Ayer veíamos cuál era el principal argumento que justificaba la publicación del artículo de Montero (véase: Un panegírico para el Conde de las Cabezuelas, Campo de Criptana 1917, I). Continuemos hoy con el texto del artículo, con el que hemos dado en llamar «Alegato contra la avaricia»:
De estas emociones conmovedoras y semidivinas están ayunos los avaros, avariciosos y avarientos, porque el metal no produce efectos semejantes, y sí la sensación del temor de que sea robado, y a tal extremo lleva ese temor al hombre metalizado, que su corazón se convierte en un pedazo de metal; en razón a que «el ser amante se transforma en la naturaleza del ser un objeto amado».
Y seguidamente se expone el segundo argumento que justifica el panegírico; lo podríamos llamar «Elogio de la filantropía»:
Pero no basta a la filantropía del señor conde predicho lo que hace vistiendo al desnudo, sino que sabiendo también que durante la temporada de invierno los niños están en las escuelas ateridos de frío (cosa que ocurre en casi todas las escuelas españolas) hasta el punto de que les imposibilite el estudio, ha dispuesto que se provean de calefacción abundante.
Una nota a pie de página (extrañeza de las extrañezas en un artículo de periódico) apostilla a la palabra «abundante»:
Hasta tal punto llega lo inhumano de los gobernantes en esta materia, que se pierde casi todo el tiempo de clase dedicándose los niños a juegos para entrar en reacción.

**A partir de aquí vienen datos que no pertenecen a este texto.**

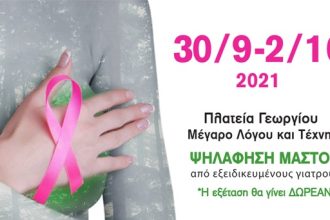 Πάτρα: Κλινική εξέταση μαστού από το Άλμα Ζωής Ν. Αχαΐας στο Μέγαρο Λόγου και Τέχνης στη πλατεία Γεωργίου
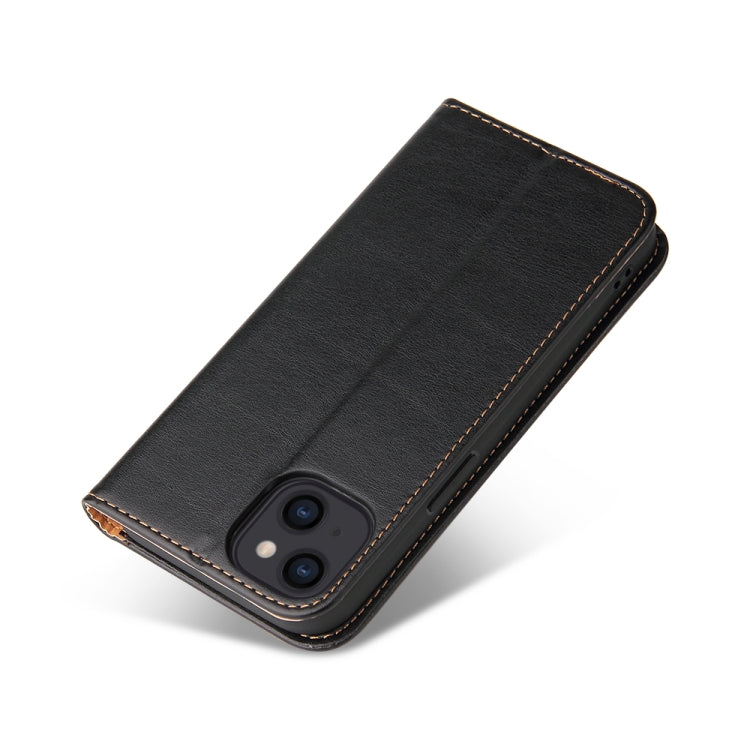 For iPhone 14 Fierre Shann PU Genuine Leather Texture Leather Phone Case (Black) - iPhone 14 Cases by FIERRE SHANN | Online Shopping UK | buy2fix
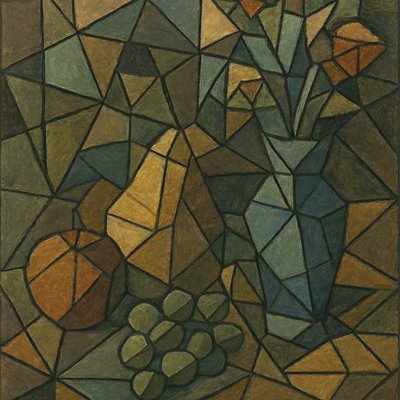 still life arrangement of fruits and flowers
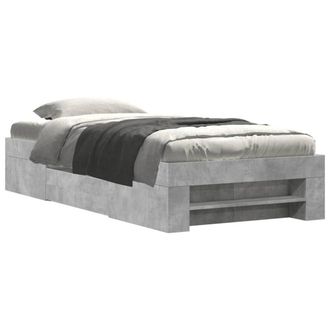 Berkfield Home Bed Frame without Mattress Concrete Grey 90x200cm Engineered Wood | Size: 90x200 cm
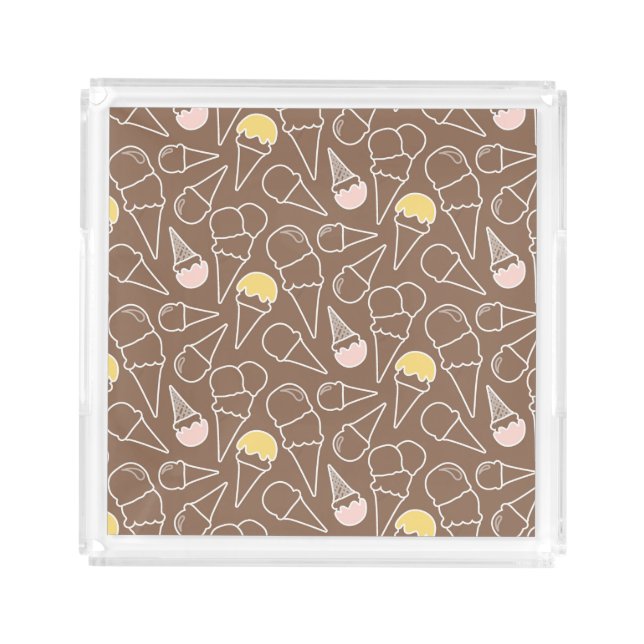 Ice Cream Cone Pattern on Brown Acrylic Tray (Front)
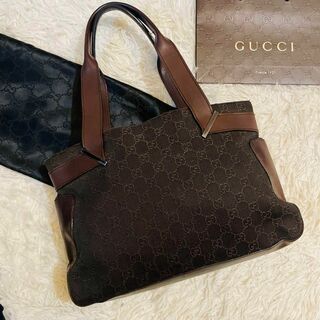 グッチ(Gucci)のGUCCI トートバッグ バンド GG キャンバス レザー ブラウン ブラック(ハンドバッグ)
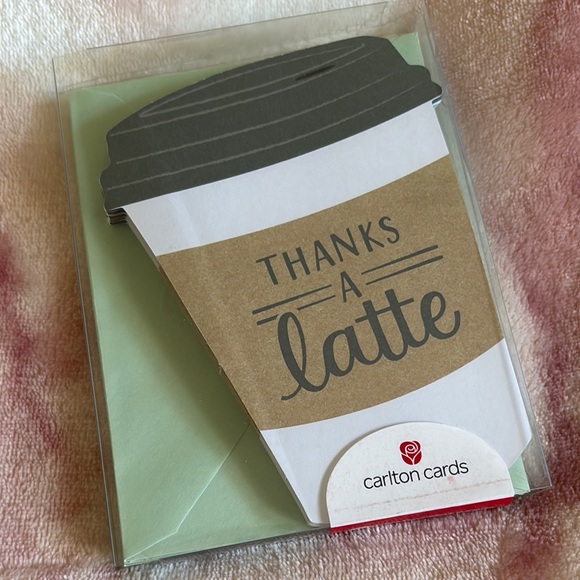 Carlton Cards “Thanks A Latte” Coffee Cup Thank You Cards Set of 10 NWT - Picture 2 of 12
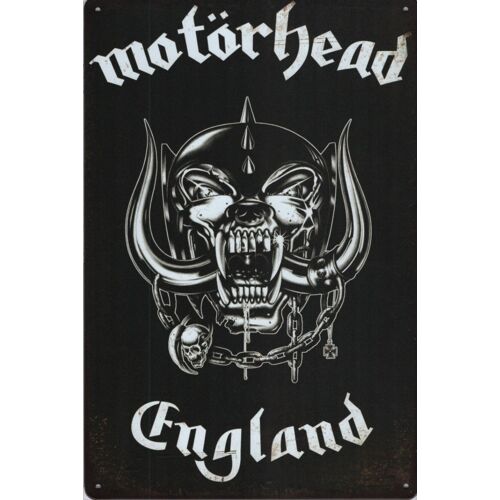 Plaque Décorative Motorhead England Noire Blanche 30x20cm Tole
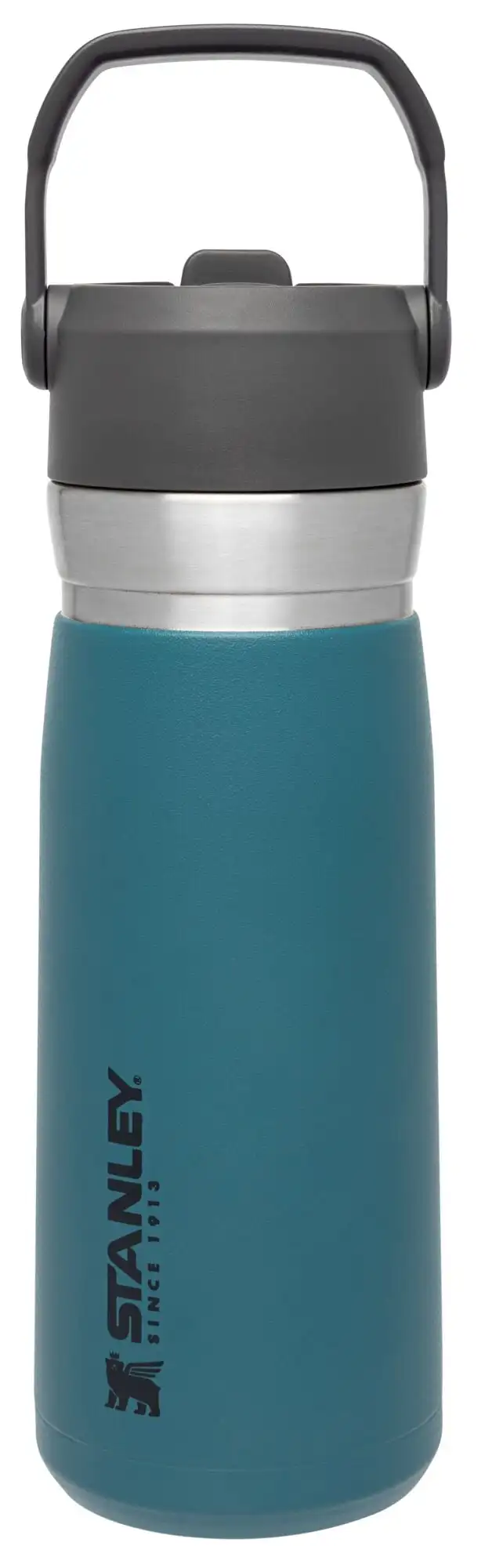 

oz Lagoon Blue and Gray Insulated Stainless Steel Water Bottle with Straw and Flip-Top Lid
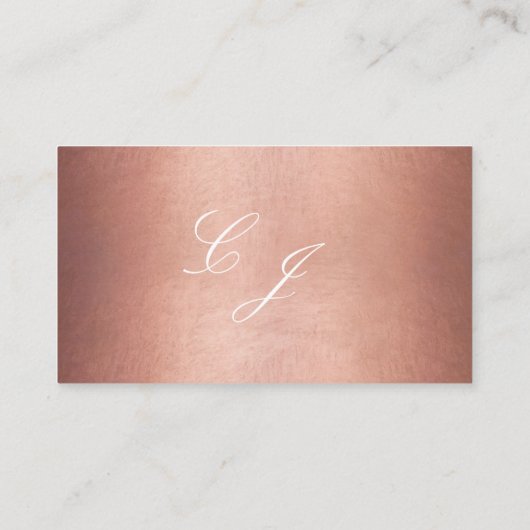 Carte De Placement Rose chic Gold White Script Monogram Mariage (Dos)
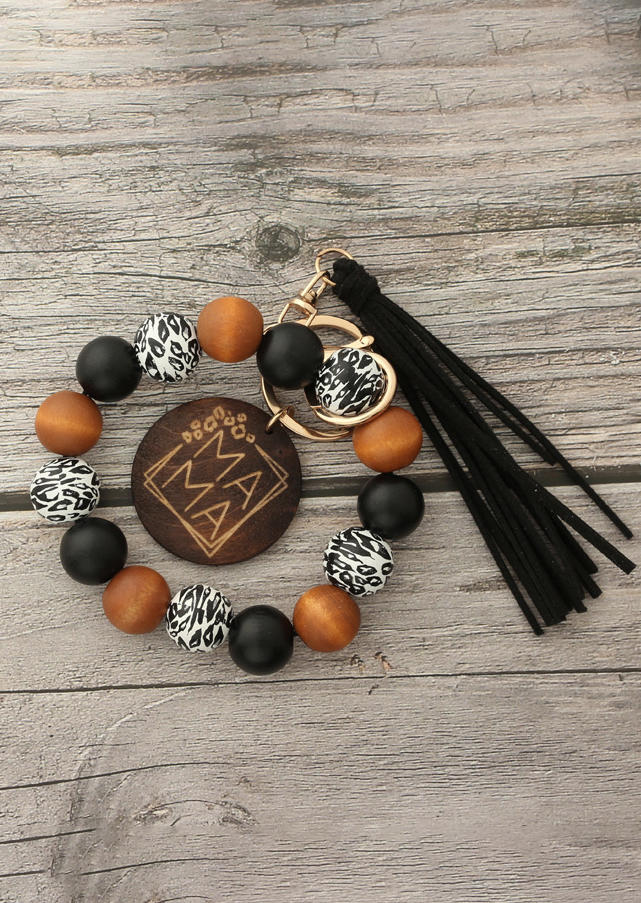 

Mama Beading Tassel Wooden Bracelet, Multicolor, 532042
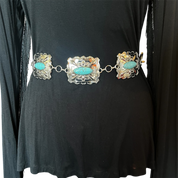 Chunky Silver Turquoise Chain Belt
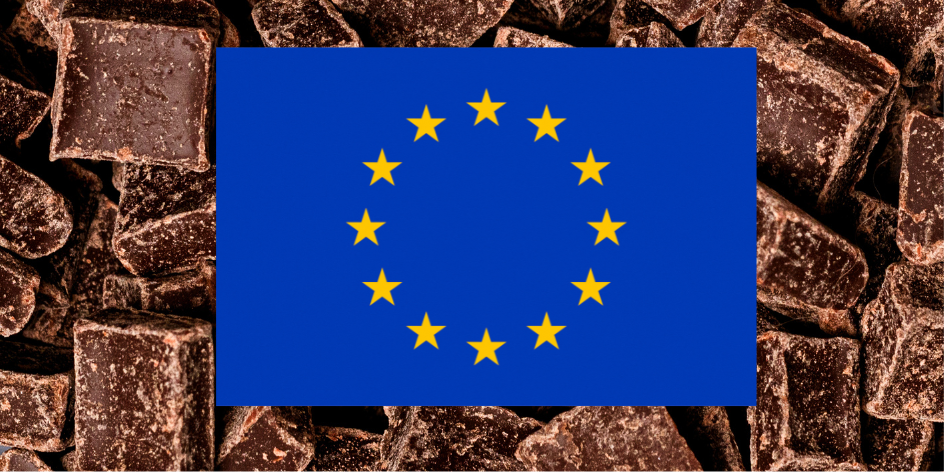 European Flag in front of Chocolate Pieces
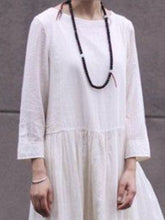 Load image into Gallery viewer, Round Neck Cotton Linen Casual Long Sleeve Dress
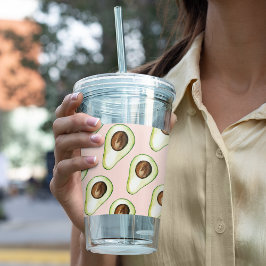 Modernes pastellrosa und grünes Avocado-Muster Acryltrinkbecher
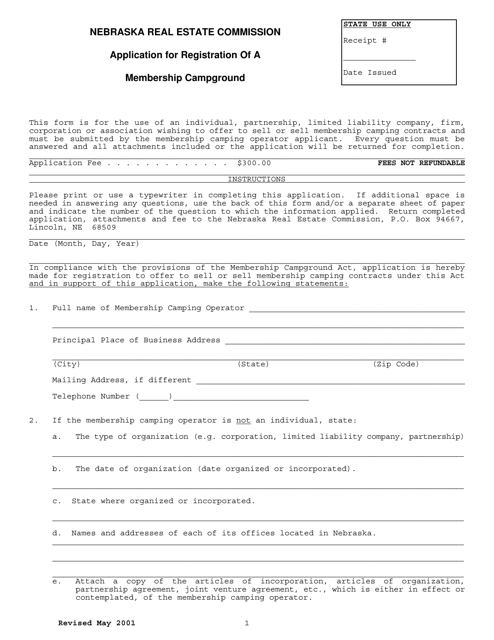 Application for Registration of a Membership Campground - Nebraska Download Pdf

Aquí lo dejamos por hoy. El «Alegato contra la avaricia» y el «Elogio de la filantropía», han sido dos argumentos adicionales que sustentan este escrito; precisamente, la generosidad y la filantropía son lugares comunes en el lenguaje del género panegírico y no pueden faltar en él.
Por lo demás, no exagera Montero cuando nos pinta así las escuelas españolas de su época. No era sólo cosa de Criptana; era algo muy generalizado. Quizá, es que aquellos no eran tiempos para la lírica. Pero: ¿Es que los nuestros no lo son? ¿Es que ha habido alguna vez buenos tiempos para la lírica? Creo que no. No ha habido nunca; la lírica, como la educación, vive sus perpetuas crisis, las ha vivido y, quizá, las seguirá viviendo, por siempre.